An item worn at the waist, often carrying small sewing tools, watches, and other objects, suspended from chains. The 18th century term seems to be “equipage,” as we see in this description from Town Eclogues: Thursday; the Bassette-Table, by Lady Mary Wortley Montagu:

Behold this equipage by MATHERS wrought
With fifty guineas (a great pen'orth!) bought!
See on the tooth-pick MARS and CUPID strive,
And both the struggling figures seem to liue.
Upon the bottom see the Queen's bright face;
A myrtle foliage round the thimble case;
JOVE, JOVE himself does on the scissars shine,
The metal and the workmanship divine.

However, it should be noted that, while what we call a “chatelaine” seems to be called an “equipage” (at least in the instance above, as well as in some advertisements (Boston News Letter, April 28, 1768), it should be noted that not every reference to an “equipage” is, in fact, what we would call a “chatelaine.” The Dictionary of Traded Goods and Commodities, 1550-1820 points out that it was “an umbrella term that was applied to almost any set of APPAREL or equipment.
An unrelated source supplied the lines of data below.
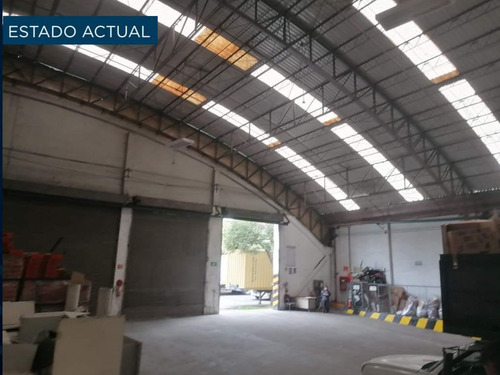 Bodega Comercial En Venta O Renta En Industrial Vallejo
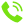 Telephone Green icon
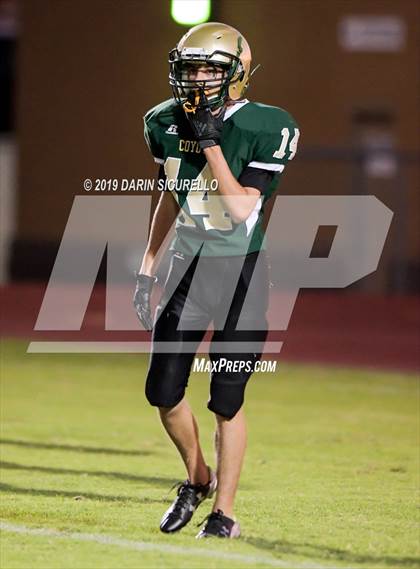 Thumbnail 2 in Queen Creek vs. Skyline photogallery.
For example, one advertisement was for 'elegant Tea and Coffee equipages, painted after the Dresden manner' [Newspapers (1780)], another by a 'Coach & Harness Maker' was just for 'all sorts of Equipages in the Compleatest manner' [Tradecards (18c.)], leaving it to the reader to deduce what might be included.”

(See also pincushions, sewing kits, tailors & seamstresses, etc.)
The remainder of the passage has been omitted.